Birds sing after a storm; why shouldn't people feel as free to delight in whatever remains to them?
I haven’t blogged in 10 days since my son was in an ATV accident while vacationing in Pismo Beach, California. In my reporter days, I can’t count how many times people said they felt “lucky” after surviving some tragedy whether it was a tornado or house fire or near drowning. It seemed cliche’ and not all that genuine, like it was something people thought they were supposed to say.
But now, I can truly relate. Both of my son’s wrists snapped on impact. I drove up a few moments later and my heart sank when I first saw his abandoned vehicle. It took me another moment to locate him crumpled on the ground behind the four wheeler. He was moaning and his left arm was deformed by the bone trying to poke through the opposite direction from where it should be. The realization that we were in the middle of remote sand dunes with no mile markers or even natural markers to direct an emergency crew was mentally crippling. Thank goodness we flagged down a nearby driver in a pick up truck who drove my son out of those treacherous, unpredictable drifts.
My son is casted to his elbows on both arms, rendering him helpless for six to eight weeks. But he is alive and will not suffer any permanent disability. I am grateful that I will only be feeding, bathing, clothing, scratching his itches and opening his doors on a temporary basis. I am incredibly grateful that my son has accepted his limitations with the most unbelievable grace and humor. I can’t imagine being three thousand miles from home and being completely dependent on others. Actually, since I am with him, I can imagine it. But I can’t imagine being as joyful and unaffected as my 12-year old.
This month, my focus is on awareness.
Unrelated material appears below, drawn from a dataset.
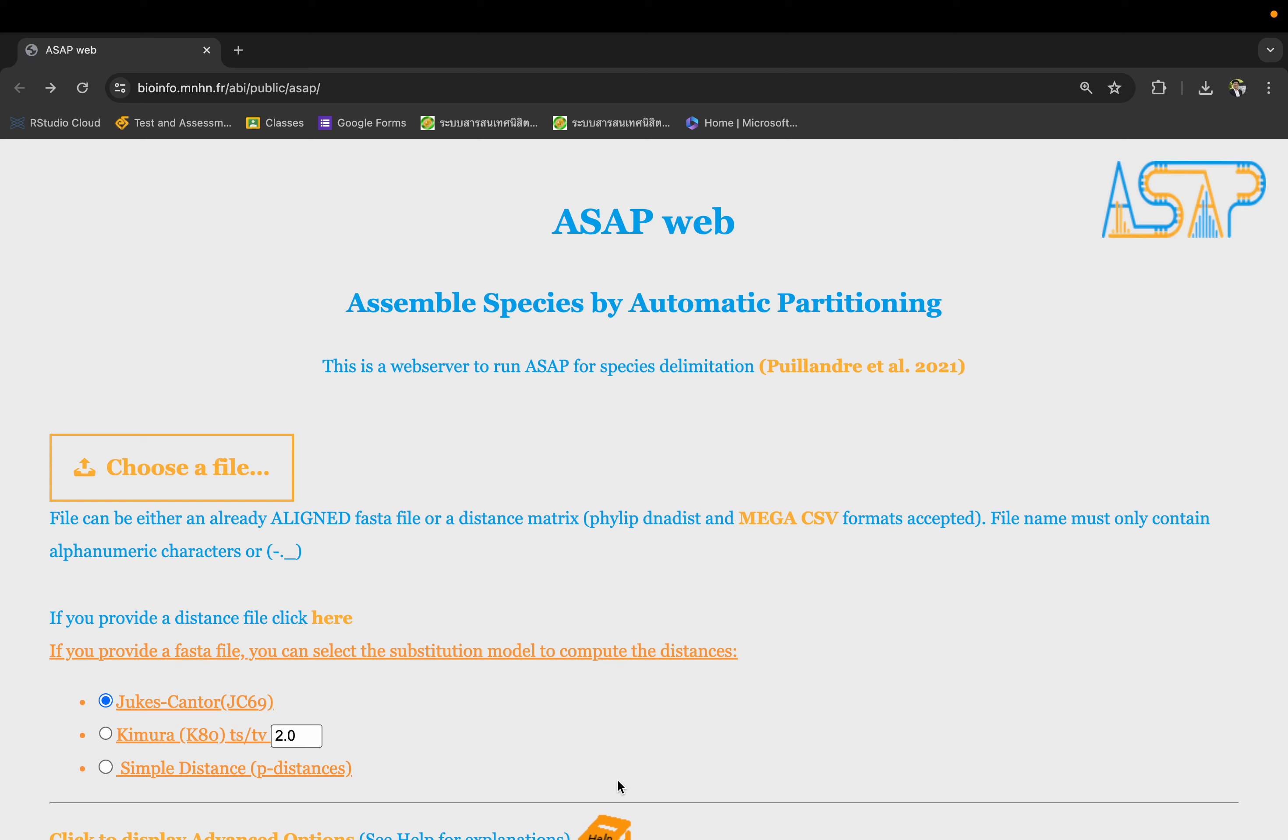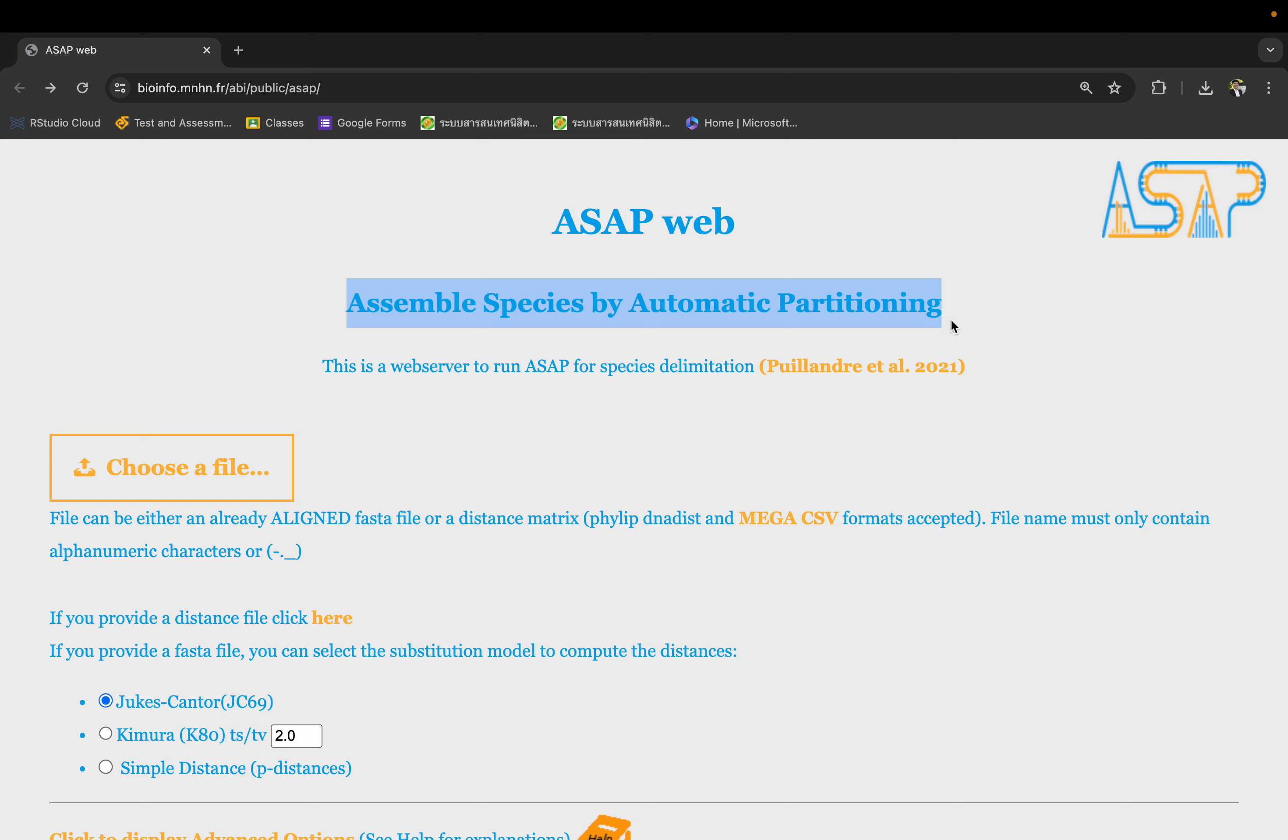In this tutorial we're going to talk about how to use this website called ASAP. It's Assemble Species by Automatic Partitioning. This allows us to cluster sequences that are similar enough to each other and automatically assign species based on the sequence.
I am currently reading Anthony DeMello’s Awareness: The Perils and Opportunities of Reality. DeMello was a psychoanalyst and Jesuit priest who was born in India in 1931 and died in New York City in 1987. He was a controversial Christian voice that borrowed his beliefs from all faiths. His ideas are a product of his diverse East/West cultural influences. Father Demello’s basic philosophy is almost every adult in this world is functioning in a state of self-hypnosis or sleep. In order to wake up, you have to be observant of yourself and your external experiences with impersonal detachment. There was a passage that particularly reminded me of the grace I am witnessing in my son right now.
DeMello talks about the paradox of being depressed and still being happy. If you suffer from depression, you are not identified simply as depressed. You can either give power to the dark clouds by worrying about them and trying to force them away or you can let them pass over head and continue on with your day, simply aware that storms are in the forecast for the moment. DeMello expands on this idea by talking about how the same rain falls on sinners and saints; the rose doesn’t withhold it’s fragrance and the lamp doesn’t shield its light from some people and not others. We are who we are, no matter who we are in relationship with or what circumstance life finds us in. Our reaction to events and other people is always within our control.
My son suffered an injury. He is not injured. He can’t use his hands and arms. But he is still on vacation. He is still, at his essence, a 12- year old boy full of curiosity and love of adventure. The surprise of snow in July in the Oregon mountains can still make him smile. Watching elephant seals spar on the beaches of San Simeon, California can distract him from the ache in his bones. Peering down the rim of a Volcano’s caldera, walking among the ancient redwood giants and viewing Saturn’s rings surrounded by billions of stars in the shadow of night in the high desert are opportunities still available to be enjoyed and explored.
My son did not have to read a book to practice being more detached in dealing with his current adversity. He didn’t have to dedicate a month to focus on being more aware. He just naturally is who he is. He may be dependent on me for his physical needs right now, but I’m not sure there is a lot he can learn from me through this experience. I am so lucky to have him as a teacher.
Imagine living the next two months of your life with your hands literally tied and useless. How would you choose to react? Who would you depend on? What opportunities would still be available to seize?